Il convient de noter une précision soulevée par les décisionnaires, qui n'est pas mentionnée dans la Guemara : si l'artisan a dit "Donne l'argent et prends ce qui est à toi", il ressort de ses paroles que le propriétaire ne recevra pas l'objet tant qu'il n'aura pas payé, et il s'avère que l'objet reste en sa possession comme gage, et il demeure chomer sachar même après la notification. L'exemption est conditionnée au fait qu'il dise : "Je ne garde plus l'objet, viens le prendre au plus vite" - et ce n'est qu'alors qu'il redevient chomer chinam.

"Chemor li veechmor lach" - "Garde pour moi et je garderai pour toi" :

Quel est le statut d'une personne qui dit à son ami : Chemor li veechmor lakh - garde pour moi et je garderai pour toi, c'est-à-dire garde mes affaires aujourd'hui, et je garderai les tiennes demain ? Dans ce cas, les deux échangent des services, et chacun d'eux en tire profit : celui qui accepte la garde aujourd'hui reçoit une valeur en échange, car son ami gardera ses affaires demain. Par conséquent, chacun d'eux est considéré comme un gardien rémunéré.
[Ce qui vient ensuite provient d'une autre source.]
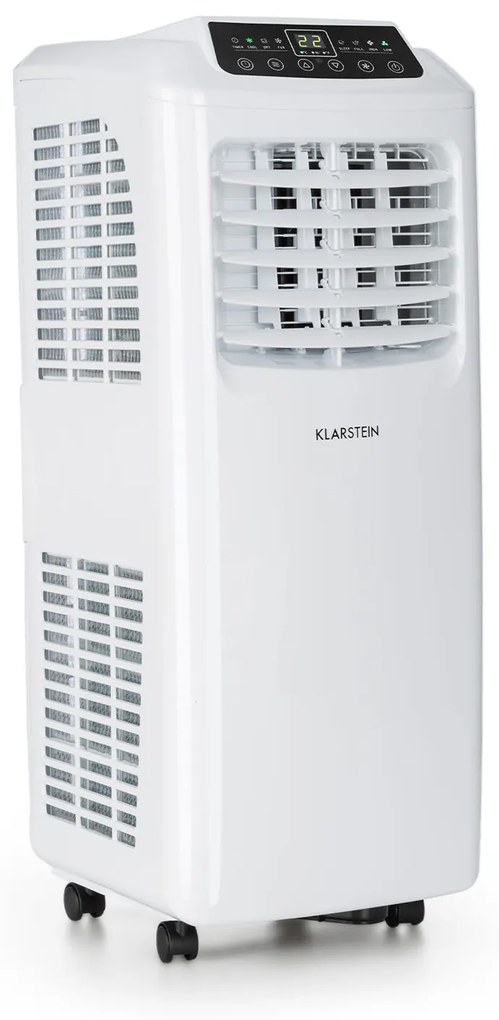 Klarstein PURE BLIZZARD 3 2G, 808 W / 7000 BTU мобилен климатик 3 в 1, охлаждане, вентилация,отвлажняващ въздуха,бял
Un point annexe : si la garde mutuelle se fait simultanément - l'un confie sa montre à garder et l'autre confie son ordinateur exactement au même instant - il n'y a ici aucune responsabilité, même en cas de force majeure. C'est un sujet totalement distinct, lié à la règle de "bealav imo" (son propriétaire est avec lui) : le propriétaire travaille pour le gardien au moment même où le gardien travaille pour lui. Ce sujet sera expliqué dans le huitième chapitre, et en attendant, gardons cette idée à l'esprit.

Chemor li - la formulation de la réponse du gardien :

La dernière partie de la Michna traite de celui qui demande un service à son ami : une personne qui va aux toilettes et demande "Garde-moi s'il te plaît cet ordinateur". Le statut du gardien dépend des termes qu'il utilise pour répondre :

  • Hanakh lefanai - pose devant moi, il devient ainsi gardien bénévole. Le simple fait de dire qu'il pose l'objet devant lui indique qu'il a accepté de le garder. Bien qu'il ne reçoive pas de salaire, il a pris une responsabilité : il doit prêter attention à l'objet et ne pas faire preuve de négligence dans sa garde, et il n'a pas le droit de l'abandonner au premier venu.
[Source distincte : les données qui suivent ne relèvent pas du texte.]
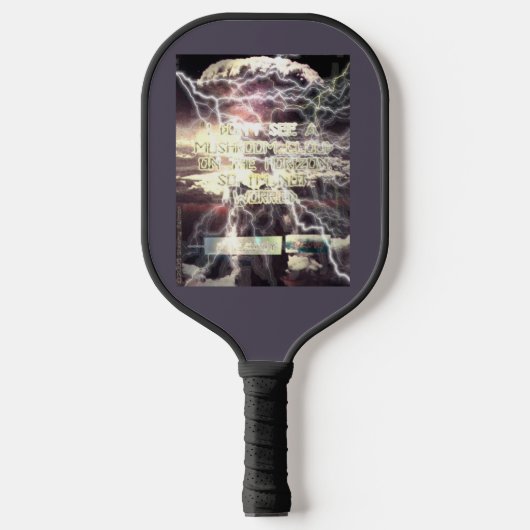 Atomic Bomb pickleball paddle (Voorkant)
  • Hanakh lefanekha - pose devant toi. La Guemara explique que son intention est : "Je ne garde pas tes affaires, garde-les toi-même, ce n'est pas ma responsabilité", et il est donc dispensé.

  • Hanakh - pose, sans ajouter "devant moi". Cela signifie que la chose ne le concerne pas du tout, et dans ce cas également, il n'assume aucune responsabilité.
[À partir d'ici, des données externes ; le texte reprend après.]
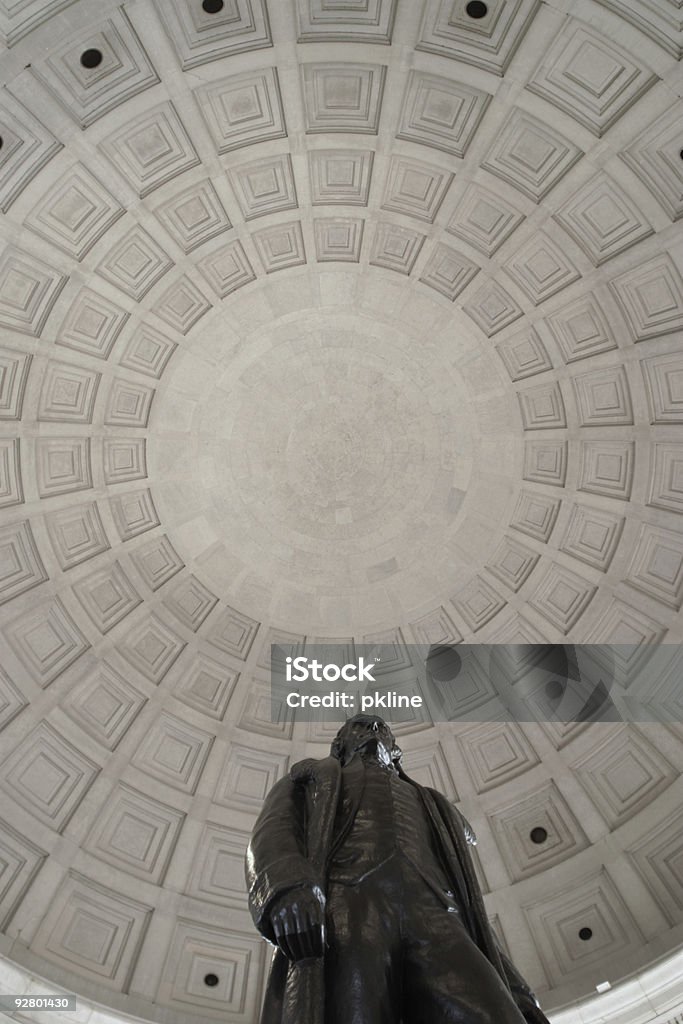 Jefferson Memorial  Architectural Column Stock Photo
Ces nuances de langage sont difficiles à transposer avec exactitude, mais le principe est simple : si l'on peut raisonnablement comprendre des paroles de la personne sollicitée qu'elle a accepté de prêter attention à l'objet - elle devient gardien bénévole ; et si ses propos ne peuvent pas être interprétés ainsi - elle n'est pas gardien du tout.

En résumé : Dans cette Michna, nous avons appris que kol haoumanin chomrei sakhar hen - tous les artisans sont des gardiens rémunérés, en raison de leur droit de retenir l'objet comme gage jusqu'à la réception de leur salaire. Par conséquent, cette loi est annulée lorsqu'ils n'ont pas la possibilité de le retenir, ainsi que lorsqu'ils disent tol et chelékha vehave maot - prends ce qui est à toi et apporte l'argent. Nous avons également appris que chemor li veechmor lakh - garde pour moi et je garderai pour toi, crée une garde rémunérée pour les deux parties, et que le statut de celui à qui l'on demande de garder est déterminé par les termes de sa réponse : hanakh lefanai - pose devant moi, engage sa responsabilité comme gardien bénévole, tandis que hanakh lefanekha - pose devant toi, ou hanakh - pose, l'en dispensent.